### TASK DIRECTIONS
Below are records to repeat exactly. Omit the pictures from the copy.

### MATERIAL FOR THIS TASK
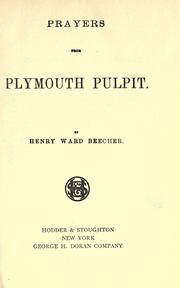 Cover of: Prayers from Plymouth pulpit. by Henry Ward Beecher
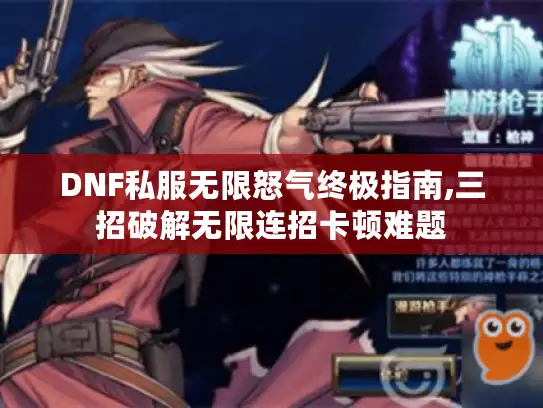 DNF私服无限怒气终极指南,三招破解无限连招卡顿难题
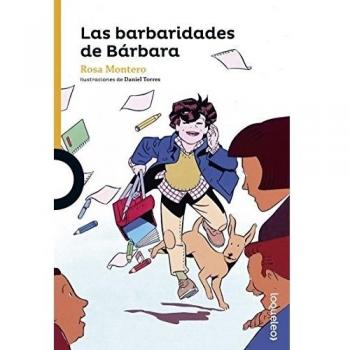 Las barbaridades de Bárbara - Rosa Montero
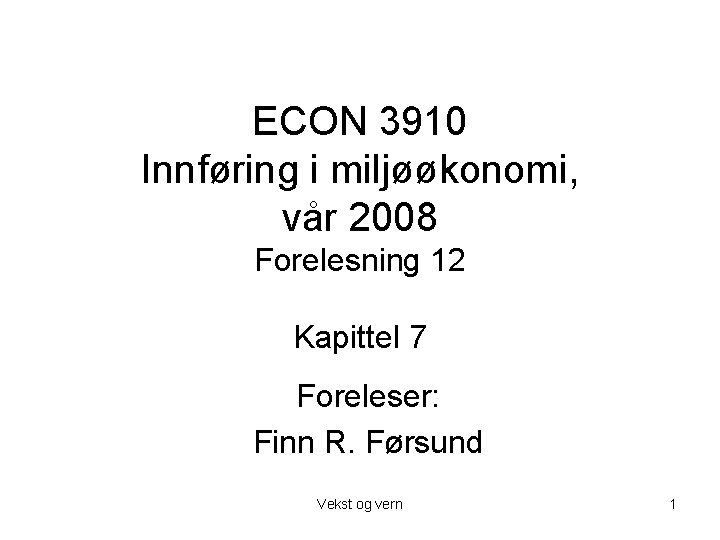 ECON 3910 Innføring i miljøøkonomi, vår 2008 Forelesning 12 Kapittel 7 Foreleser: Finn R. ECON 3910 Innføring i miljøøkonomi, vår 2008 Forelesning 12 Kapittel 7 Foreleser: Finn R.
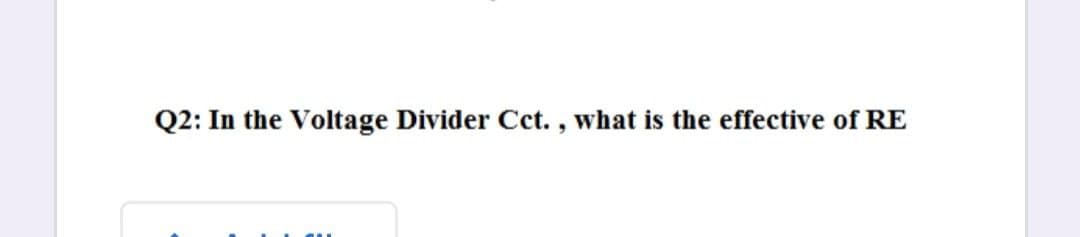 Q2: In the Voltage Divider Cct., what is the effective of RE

### RESPONSE AREA
 Cover of: Prayers from Plymouth pulpit. by Henry Ward Beecher
 DNF私服无限怒气终极指南,三招破解无限连招卡顿难题
 Las barbaridades de Bárbara - Rosa Montero
 ECON 3910 Innføring i miljøøkonomi, vår 2008 Forelesning 12 Kapittel 7 Foreleser: Finn R. ECON 3910 Innføring i miljøøkonomi, vår 2008 Forelesning 12 Kapittel 7 Foreleser: Finn R.
 Q2: In the Voltage Divider Cct., what is the effective of RE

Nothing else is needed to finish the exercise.